Sub-Agent Delegation
Use OpenClaw's agent system to delegate:
/agent <agent-id> <instruction>
- You send
/agent codex <instruction>— OpenClaw spawns the sub-agent with that instruction. - The sub-agent runs in its own workspace and returns a text response.
- Sub-agents do NOT share your conversation context or workspace files. Pass ALL necessary context in the instruction.
What to pass: The specific task, relevant code snippets, output format expectations, and constraints.
Examples
/agent codex Write a Python function that parses RFC 3339 timestamps with timezone support. Return only the code.
/agent gemini-researcher Analyze the differences between SQLite WAL mode and journal mode. Include benchmarks and a recommendation.
/agent gemini-fast Convert the following list into a markdown table with columns: Name, Role, Status.
/agent kimi-orchestrator Coordinate: (1) gemini-researcher gathers data on X, (2) codex writes a parser, (3) report results.

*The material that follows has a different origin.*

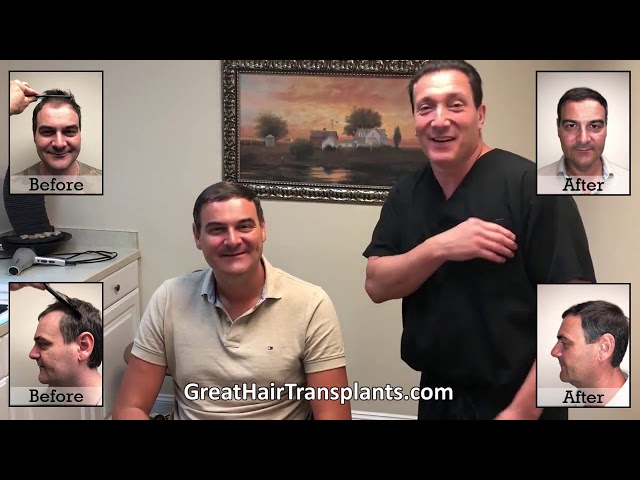 Dr. Brett Bolton Patient Dejan flew in from Serbia for a MaxHarvest Procedure

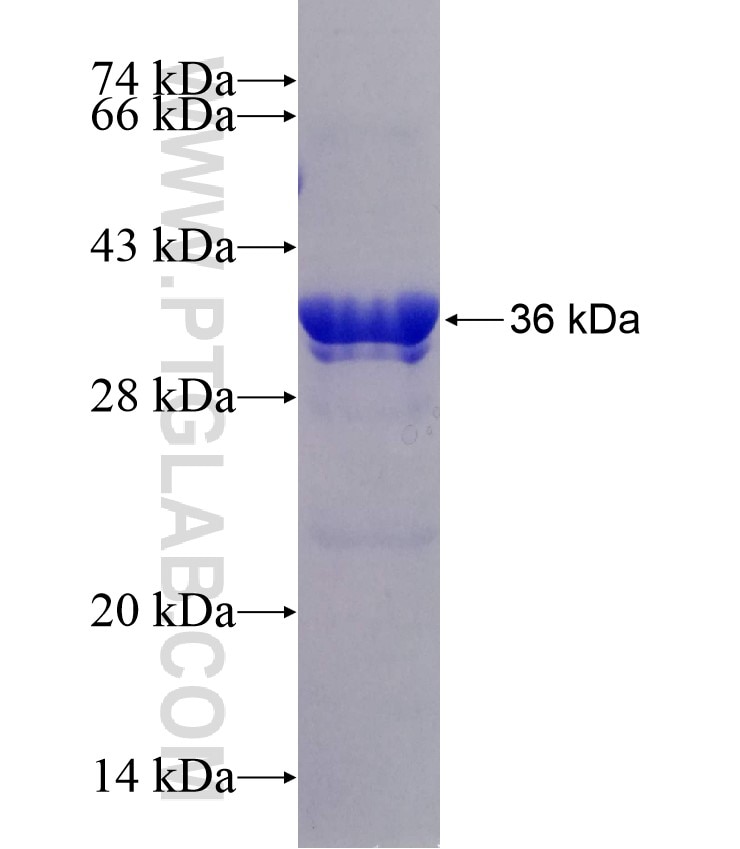 ND3 fusion protein Ag29115 SDS-PAGE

Error Handling and Retries
- Timeout (no response within 60s): Retry once on same model. If it fails again, fall to next fallback.
- Auth error (401/403): Do NOT retry — fall to next fallback immediately and tell user to re-authenticate. See
references/oauth-setup.md. - Rate limit (429): Wait 30 seconds, retry once. If still limited, fall to next fallback.
- Partial/garbage response: Retry once. If still broken, fall to next fallback.
- Model unavailable: Skip that tier entirely and continue.
Maximum retries: 1 retry on same model, then next fallback. If ALL fallbacks fail, stay on Opus. Never retry more than 3 times total across all fallbacks.
When a fallback is triggered, briefly inform the user:
"Codex is unavailable, routing to Opus instead."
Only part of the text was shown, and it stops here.